• **Work request**
Without changing a character, return the entries, but not the images they hold.

• **Short descriptive text snippets**
######

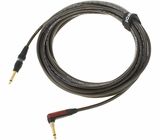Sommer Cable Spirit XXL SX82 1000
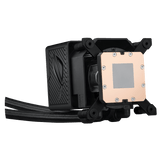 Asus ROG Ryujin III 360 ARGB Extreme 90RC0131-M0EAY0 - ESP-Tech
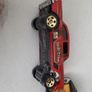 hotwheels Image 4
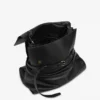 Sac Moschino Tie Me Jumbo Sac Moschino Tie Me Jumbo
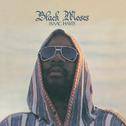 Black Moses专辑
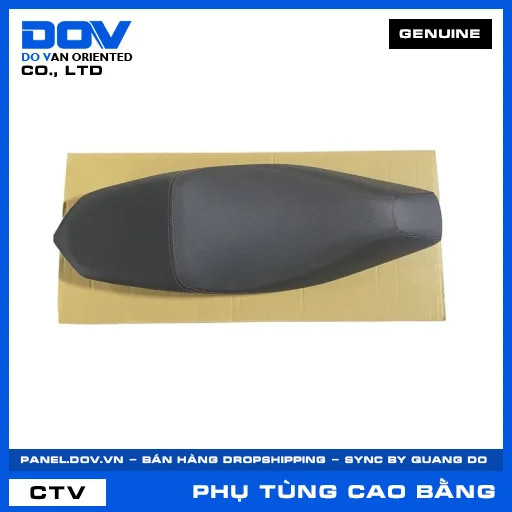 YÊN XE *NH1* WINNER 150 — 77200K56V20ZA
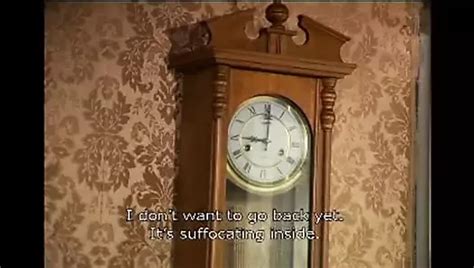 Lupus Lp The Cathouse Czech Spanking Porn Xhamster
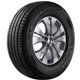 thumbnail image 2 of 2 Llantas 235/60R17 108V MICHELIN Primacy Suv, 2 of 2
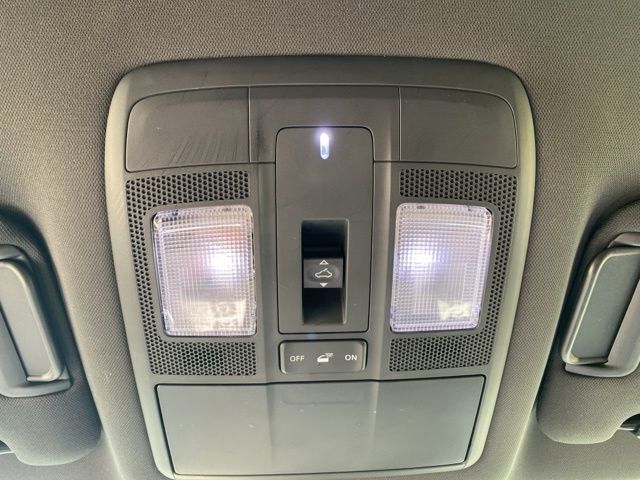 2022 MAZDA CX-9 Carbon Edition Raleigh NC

######

• **Exercise response**
Sommer Cable Spirit XXL SX82 1000
 Asus ROG Ryujin III 360 ARGB Extreme 90RC0131-M0EAY0 - ESP-Tech
 hotwheels Image 4
 Sac Moschino Tie Me Jumbo Sac Moschino Tie Me Jumbo
 Black Moses专辑
 YÊN XE *NH1* WINNER 150 — 77200K56V20ZA
 Lupus Lp The Cathouse Czech Spanking Porn Xhamster
 thumbnail image 2 of 2 Llantas 235/60R17 108V MICHELIN Primacy Suv, 2 of 2
 2022 MAZDA CX-9 Carbon Edition Raleigh NC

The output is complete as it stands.